Note that this really is a continuation of two previous threads, Sparse Representation and MLIR Support for Sparse Tensors, but now concretely focusing on adding a sparse tensor type as first-class citizen to core MLIR (viz. a SparseTensorType
residing in IR/BuiltinTypes
). The considerations below are meant to restart the discussion on a proper design.
The proposal is based on the conviction that sparsity should merely be a property of tensor, not a tedious implementation detail. Starting with a program or kernel that purely operates on tensors as mathematical abstractions, annotating some of the tensors as “sparse” by means of this new type (including hints for a suitable storage scheme) will enable a sparse compiler to lower the higher level abstraction into actual sparse code that takes advantage of sparsity to reduce computational and storage requirements. This approach was pioneered in the source-to-source sparse compiler MT1 for linear algebra and formalized to tensors in the Tensor Algebra Compiler (@fredrikbk). The COMET project (@Gkestor) used this idea for a DSL compiler.
The feasibility within MLIR starting from a Linalg operation has been recently demonstrated with a first prototype, but yet without proper type support. This work was recently presented at ODM (slides and recording). Adding the sparse tensor type would enable this prototype to gradually develop into a full end-to-end solution, where tensors are annotated at source level and progressively lowered into efficient code by MLIR before handing it over to LLVM.
Meta-data
The sparse tensor type should at least carry the following information.
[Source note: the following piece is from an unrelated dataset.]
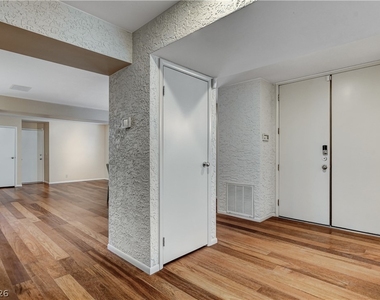 3223 Pinehurst Drive - Photo Thumbnail 22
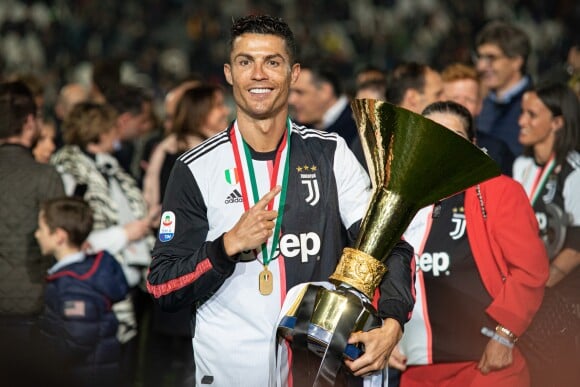 Cristiano Ronaldo fête en famille le titre de champion d'Italie avec son équipe la Juventus de Turin à Turin le 19 Mai 2019.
(1) Similar to a regular tensor, the type should define shape, rank, dimension sizes (including dynamic sizes), and element type. The unranked variant is probably not needed.
Examples
tensor<32x128xf64>, tensor<?x?xf32>, tensor<4x?x8xbf16>
(2) A per-dimension annotation of sparse or dense, which covers the specification of many sparse storage schemes already. Blocked variants can be expressed with synthetic dimensions. More advanced storage schemes would become possible by extending the annotations in the future.
Example
for a 3-dim tensor, 8 combinations, from dense/dense/dense to sparse/sparse/sparse
(3) Order of storage on the dimensions. Unlike dense tensors, which implicitly declare a row-major or column-major order on the dimension storage, for sparse storage schemes the preferred order of access should be made explicit. An affine map would suffice for this.
Example
for a 2-dim tensor,
(i,j)->(i,j) would define row-wise storage, and
(i,j)->(j,i) would define column-wise storage
(4) Preferred bit-width for the pointers and indices in the underlying sparse storage scheme. Unlike dense tensor storage, which consists of primary storage only (viz. the numerical values), sparse storage schemes may contain some overhead storage to reconstruct the actual tensor. Although 64-bit could be used for the pointers and indices in such overhead storage, more storage savings could be obtained with narrower bit-widths (sufficient to implement the indirection of the number of nonzeros at each level for pointers and sufficient to reconstruct the index in each dimension). Note that although we could use a per-dimension approach here as well (viz. 32-bit in the first dimension, 64-bit in the second), it probably suffices to simply define a single separate bit-width for pointers and indices.
Example: 32-bit pointers, 64-bit indices
Implementation
One possibility would be to use a sparse_tensor “is-a” tensor relation so that any operation on tensors would work for sparse tensors too. Since all passes will have to learn how to handle and possibly propagate the meta-data, however, a better choice may be to simply introduce sparse tensors as a new type, with only limited reuse of some of the tensor/shape types.
Syntax
A possible syntax would define a rank-2 32x16 matrix with f32 elements, the 16-size dimension sparse, column-wise access, and types i32 for pointers and index for indices as follows.
sparse_tensor<32x16xf32, DxS, (i,j)->(j,i), i32, index>
Proper defaults (i.e. identity permutation, index types for overhead storage) would allow shorter forms in most cases.
sparse_tensor<32x16xf32, DxS>
Perhaps we could even drop the sparse_prefix, and the sparsity by apparent from the presence of S after the shape. The sparse/dense annotation could even be incorporated into the shape, as originally proposed by John Jolly, with dense the default, to get an even more concise syntax.
tensor<32x16Sxf32>
Looking forward to a constructive discussion! If we can converge on a design, implementation will soon follow which in turn, will enable replacing some of the ad-hoc glue currently present in the MLIR sparse compiler prototype. Hopefully the new support will be useful to the MLIR community at-large.